**GOAL OF THE EXERCISE:** Print the listing below again. Change nothing.

**DATA SHOWN:**
————————

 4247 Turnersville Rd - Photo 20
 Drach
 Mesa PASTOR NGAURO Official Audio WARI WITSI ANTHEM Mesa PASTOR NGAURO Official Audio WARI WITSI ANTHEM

————————

**RESULT OF THE EXERCISE:**
 4247 Turnersville Rd - Photo 20
 Drach
 Mesa PASTOR NGAURO Official Audio WARI WITSI ANTHEM Mesa PASTOR NGAURO Official Audio WARI WITSI ANTHEM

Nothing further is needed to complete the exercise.